The data processing method, device, equipment and system provided by the embodiment of the application firstly acquire a preset flow, wherein the preset flow comprises at least one operation step and operation information corresponding to each operation step, the operation information comprises at least one of an operation object, an operation mode and operation voice, and the operation information can be used for knowing how each operation step needs to be completed by the first object. Then, detection information corresponding to each operation step is acquired, wherein the detection information is acquired by the sensor when the first object executes the operation step, and according to the operation information corresponding to each operation step and the corresponding detection information, a detection result corresponding to each operation step can be determined, and whether each operation step of the first object is correct or incorrect is acquired.

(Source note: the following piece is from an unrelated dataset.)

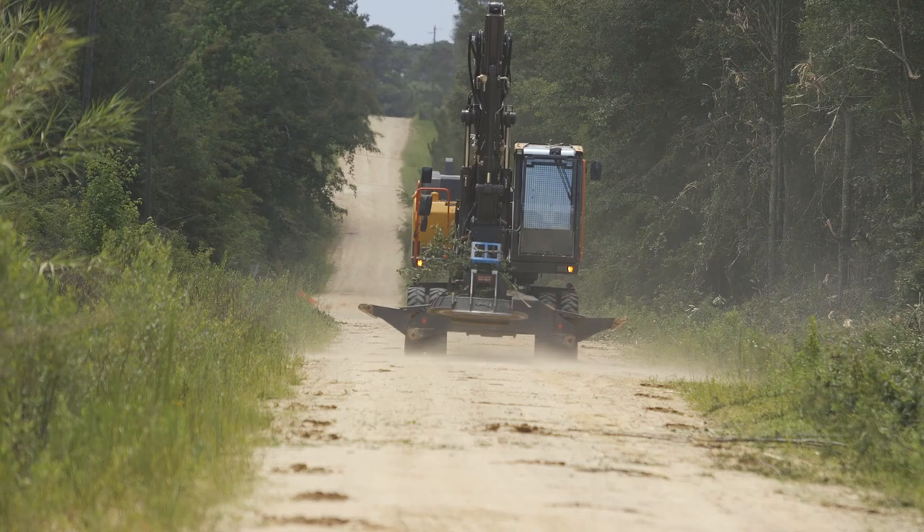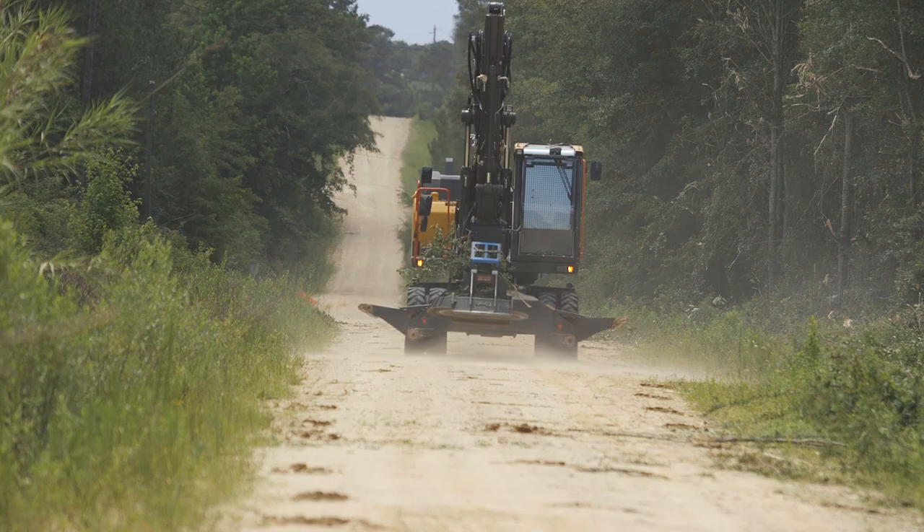The versatility, the two-piece boom — the comfort of that machine is unreal compared to everything we've had before. It's really nice. A lot of thought went into this machine.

According to the scheme provided by the embodiment of the application, the working process of the first object is not required to be supervised manually, the operation steps of the first object are acquired through the sensor and compared with the corresponding operation information, so that the detection result of the operation steps of the first object is obtained, a large amount of human resources are not required to be consumed, and the efficiency is high.

Drawings

In order to more clearly illustrate the embodiments of the present application or the technical solutions of the prior art, the following description will briefly explain the drawings used in the embodiments or the description of the prior art, and it is obvious that the drawings in the following description are some embodiments of the present application, and other drawings can be obtained according to these drawings without inventive effort for a person skilled in the art.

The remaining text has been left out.